Physical property generally is categorized as either real or personal:
Physical property that is mobile (not permanently attached to something else) is considered personal property. Included in this category are motorized vehicles, furniture, business inventory, clothing, and similar items.
Thus, a house is real property, while a stereo and a car are personal property. Some property, such as carpeting, is not easily categorized. The risk manager needs to consider the various factors discussed below in determining how best to manage such property.
Real property represents permanent structures (realty) that if removed would alter the functioning of the property. Any building, therefore, is real property.
In addition, built-in appliances, fences, and other such items typically are considered real property.
Why is this distinction between real and personal property relevant? Two reasons for the distinction between real and personal property follow:
When property is physically damaged or lost, the cost associated with being unable to use that property may go beyond the physical loss.
In many cases, only loss of use of property that is directly damaged leads to coverage; in other cases, the loss of property itself is not a prerequisite to trigger loss of use coverage. As a student in this field, you will become aware of the importance of the exact meaning of the words in the insurance policy.
One reason is that dissimilar properties are exposed to perils with dissimilar likelihoods.
When flood threatens a house, the opportunities to protect it are limited. Yet the threat of flood damage to something mobile may be thwarted by movement of the item away from flood waters. For example, you may be able to drive your car out of the exposed area and to move your clothes to higher ground.
A second reason to distinguish between real and personal property is that appropriate valuation mechanisms may differ between the two. We will discuss later in this module the concepts of actual cash value and replacement cost new.

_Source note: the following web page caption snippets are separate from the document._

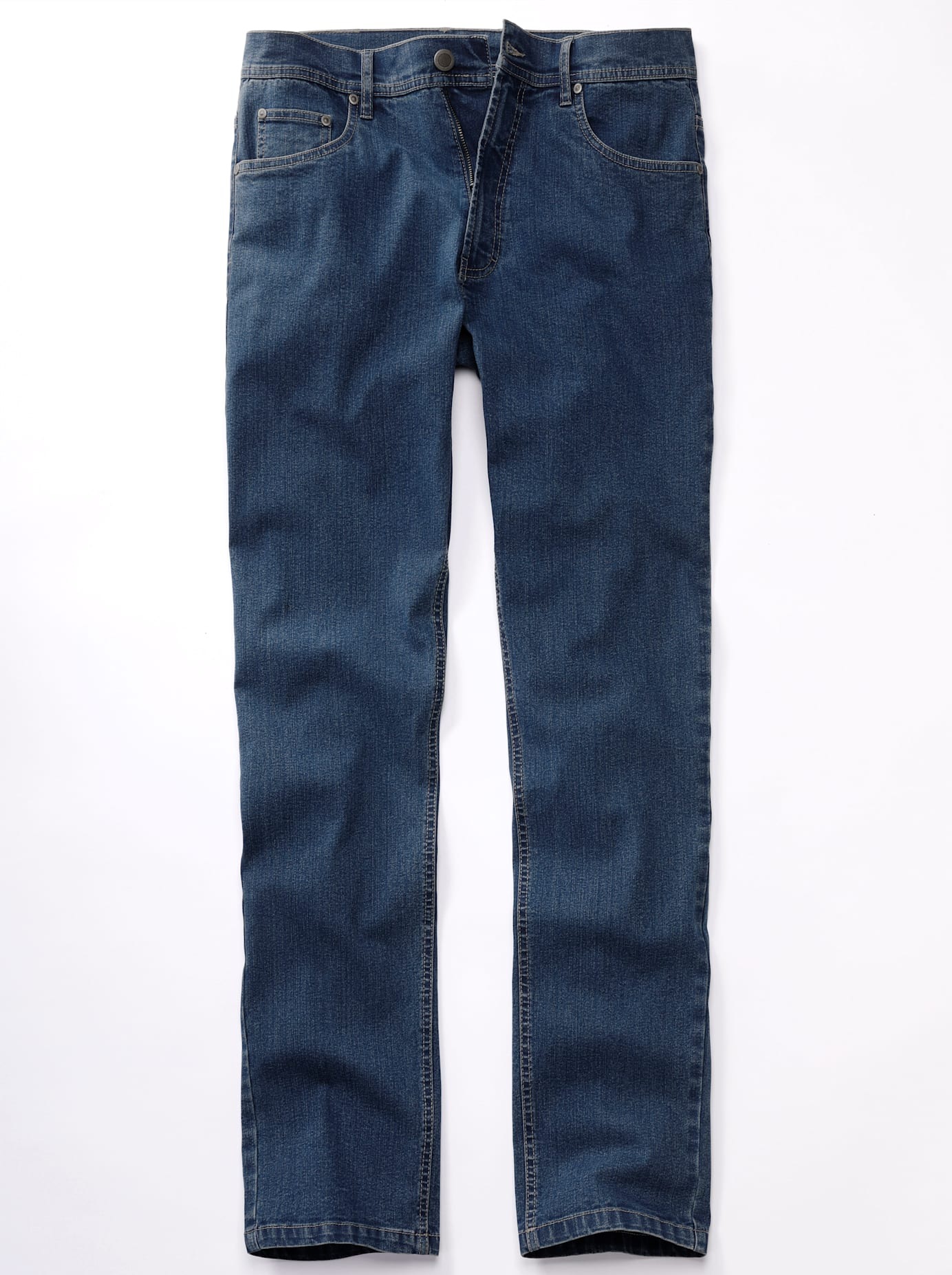 5-Pocket-Jeans, (1 tlg.)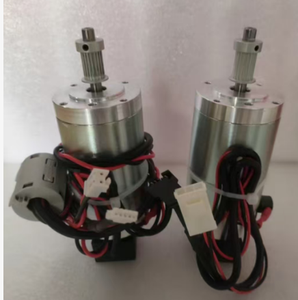 Meilleur prix, nouveau moteur de scan compatible Mimaki JV33 / moteur d'axe Y M011924 pour imprimantes à jet d'encre - Ateliers d'impression - Product Image 4
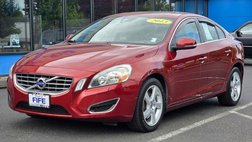 2013 Volvo S60 T5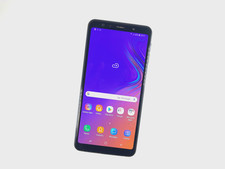 Samsung Galaxy A7 2018 SM-A750 64GB preto desbloqueado bom estado grau B 821 comprar usado  Enviando para Brazil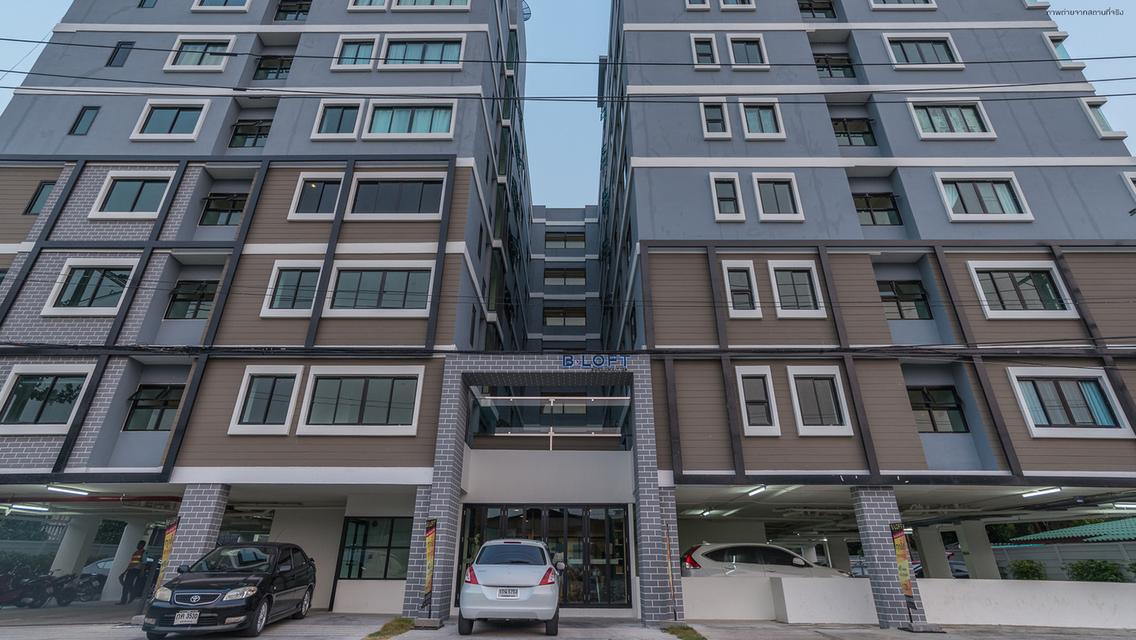  Condo Origin B-loft Sukhumvit 109 1
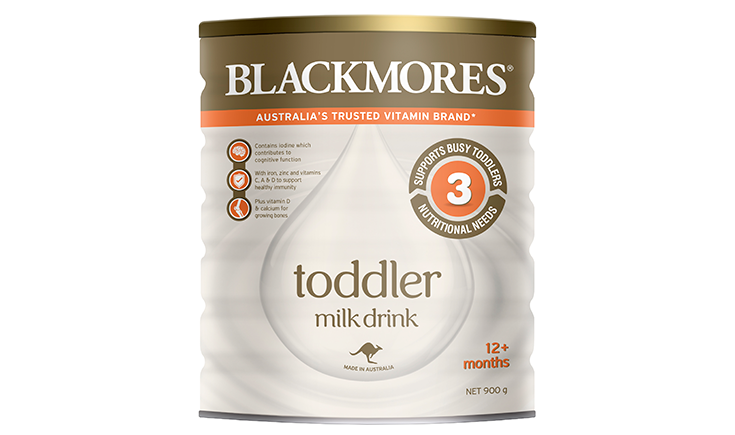 blackmores Toddler Milk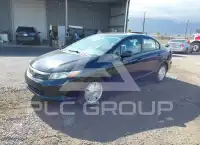 2012 Honda CIVIC photo
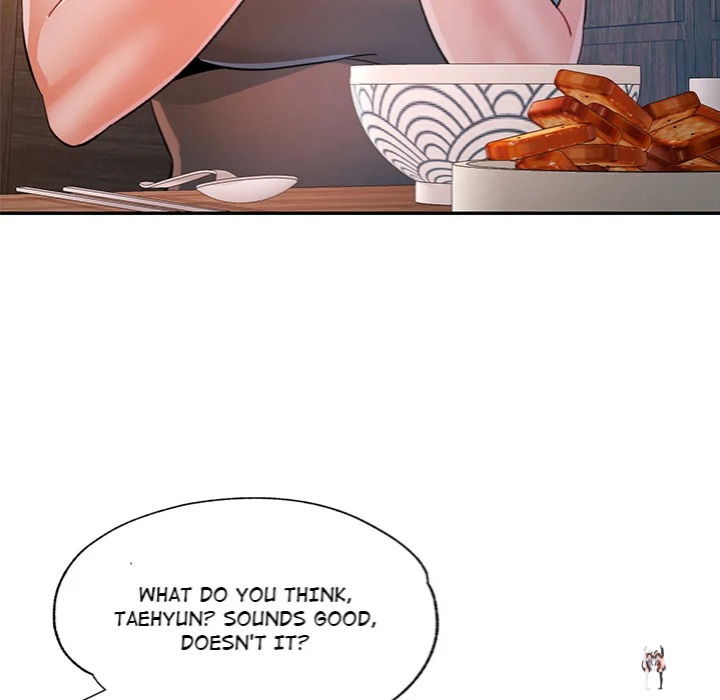 In Her Place In Her Place Chapter 112 - Page 37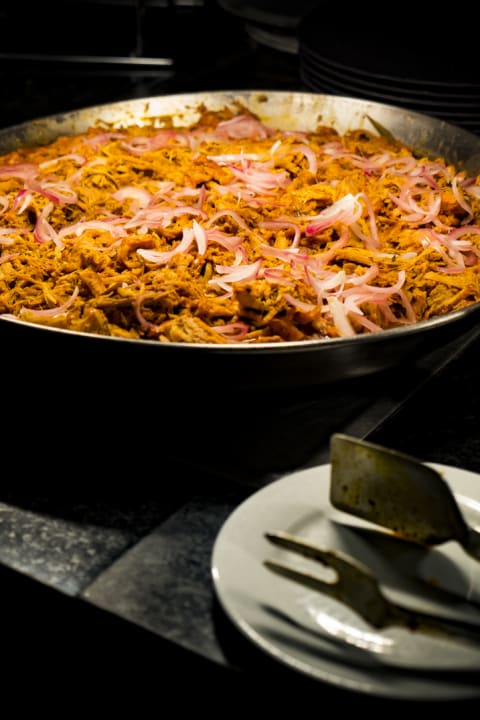 Gastro Hotel Riu Tequila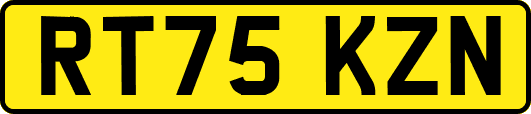 RT75KZN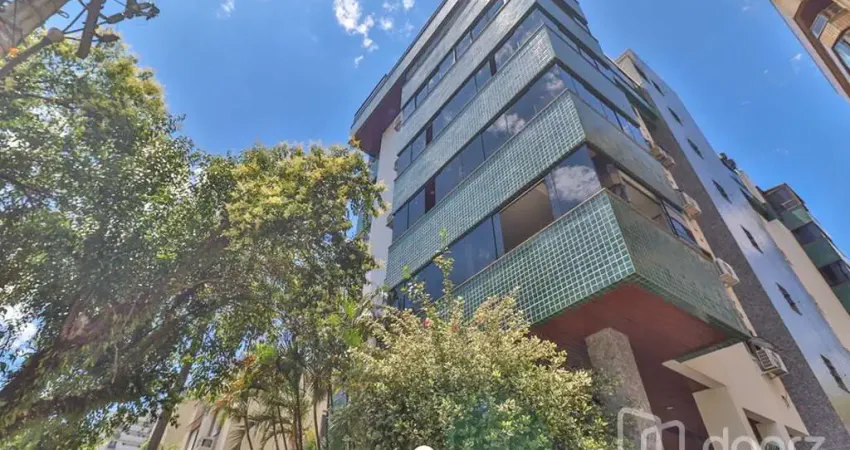 Cobertura com 3 quartos à venda na Avenida Lageado, 451, Petrópolis, Porto Alegre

Because of moral hazard issues, an insurer may prefer to value personal property at actual cash value (a depreciated amount). The amount of depreciation on real property, however, may outweigh concerns about moral hazard. Because of the distinction, valuation often varies between personal and real property.
General Property Coverage
The first standard fire policy (SFP) came into effect during the late 1800s and came to be described as the generally accepted manner of underwriting for property loss due to fire.
Two revisions of the SFP were made in 1918 and 1943. Most recently, the SFP has largely been removed from circulation, replaced by homeowners policies for residential property owners, and the commercial package policy (CPP).
The SFP was simple and relatively clear. Most of its original provisions are still found in current policies, updated for the needs of today’s insured. In light of the changes regarding terrorism exclusion that occurred after September 11, 2001, the topic of standard fire policies came under review.
The issue at hand is that, under current laws, standard fire policies cannot exclude fires resulting from terrorism or nuclear attacks without legislative intervention. 
Case Study 01- Business Interruption with and without Direct Physical Loss
Please download and study the case study entitled “Business Interruption with and without Direct Physical Loss” from the module resources section for this module.
The case study describes the losses faced by certain sectors of the United States of America following a range of catastrophes.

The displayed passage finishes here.